Chapter 2, “CREATE DATABASE dbName; GO,” discussed the variety, velocity, and volume characteristics of data. You learned that the velocity and volume of data are increasing exponentially and that those two characteristics are the reason running data analytics in the cloud became necessary. Most companies cannot afford to purchase and maintain the compute and storage resources required to handle data at that scale. The variety of data, however, is where your expertise as an Azure Data Engineer becomes most valuable.
After passing the DP‐203 exam, you will be expected to be able to provision and configure the necessary Azure products for your data analytics solution. Given a set of requirements, you would know if you needed Azure Stream Analytics, Apache Kafka, Azure Data Factory, Azure Synapse Analytics Spark, or SQL pool (serverless or dedicated), etc. This would be expected from all certified Azure Data Engineer Associates. What is not tested is your ability to know your data and to know the questions you need to answer with it. This is not tested due to the variety of scenarios in which data exists, not only in form and location but also in its meaning. Consider the following scenarios of where data can come from, how it might look, and what you might be able to learn from it:
- Sales forecasting
- Stock trading
- Social media
- Application logs
- IoT devices like a Brain Computer Interface (BCI)

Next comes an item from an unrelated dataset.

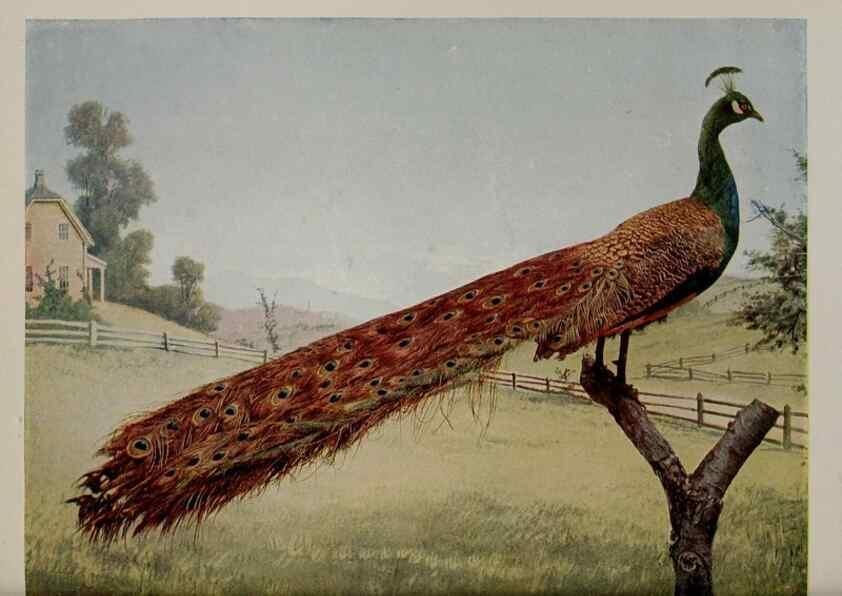 Reproducción/Reproduction 8343609652: Birds and nature in natural colors :. Chicago :A.W. Mumford, Publisher,1913-1914.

If you want to predict what your company will realize in annual sales for the current year and in the next quarter, what kind of data would you need? Two ideas come into mind. First, the sales trend of over the last few years and quarterly sales comparisons. Consider the following dataset:
+——+———-+———-+———-+———-+
| YEAR | SALES Q1 | SALES Q2 | SALES Q3 | SALES Q4 |
+——+———-+———-+———-+———-+
| 2020 | 1000 | 1100 | 1650 | 2900 |
| 2021 | 3050 | 3355 | 5000 | 8750 |
| 2022 | 9200 | ?? | | |
+——+———-+———-+———-+———-+
Over the past two years you can see a consistent increase in sales. In 2020 total sales were 6,650, and in 2021 total sales were 20,155, which is a little over 300% growth year to year. Using that data, you can predict expected total sales by multiplying the total sales for 2021 by 300%. You might also notice that sales in Q2 have consistently been 10% more than Q1; therefore, it might be safe to predict a sales target of 10,120 in Q2 of 2022. This is a simple example that ignores many elements that can influence predictions. However, as your data analytics become more sophisticated, you can apply algorithms that assess the factors that influence the sales predictions. Then use those assessments to make a sales prediction more precisely and reliably. The data itself may be hosted in a relational database, where you can perform a simple query, or it may be ingested into your pipeline as a CSV file.

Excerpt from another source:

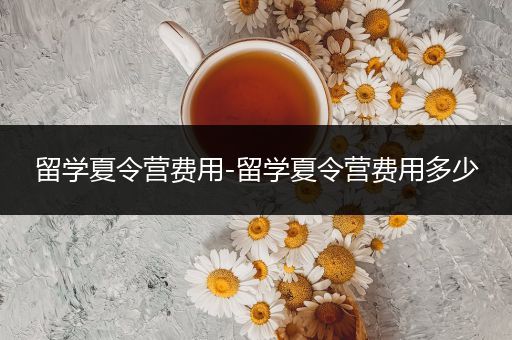 留学夏令营费用-留学夏令营费用多少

People generally invest in the stock market to make money—by buying low and selling high. Some investors try to use historical prices as a basis to predict future prices, instead of looking at a company profit and loss statement or a balance sheet. You can download historical stock prices from many places on the Internet. The data might look something like the following Microsoft stock history:Date,Open,High,Low,Close,Adj Close,Volume
2021-12-21,323.290009,327.730011,319.799988,327.290009,327.290009,24740600
2021-12-22,328.299988,333.609985,325.750000,333.200012,333.200012,24831500
2021-12-23,332.750000,336.390015,332.730011,334.690002,334.690002,19617800
2021-12-27,335.459991,342.480011,335.429993,342.450012,342.450012,19947000
2021-12-28,343.149994,343.809998,340.320007,341.250000,341.250000,15661500
2021-12-29,341.299988,344.299988,339.679993,341.950012,341.950012,15042000
2021-12-30,341.910004,343.130005,338.820007,339.320007,339.320007,15994500
Using a similar approach as with the sales prediction example, you can find the direction of the price trend by comparing the daily or quarterly average closing prices. If the price is trending upwards, you might want to buy it; if not, then not. There are numerous properties and elements to employ when analyzing stock prices in hopes of finding the one that makes you wealthy. That is exactly the point. Although you have the data, the data alone will not be enough to gather insights from. Using the data in isolation or in collaboration with a massive number of other sources and data types can still result in unexpected results. The magic sauce typically comes from the individual (you) performing the data analytics, because in many cases that individual also has the experience with that specific type or variety of data.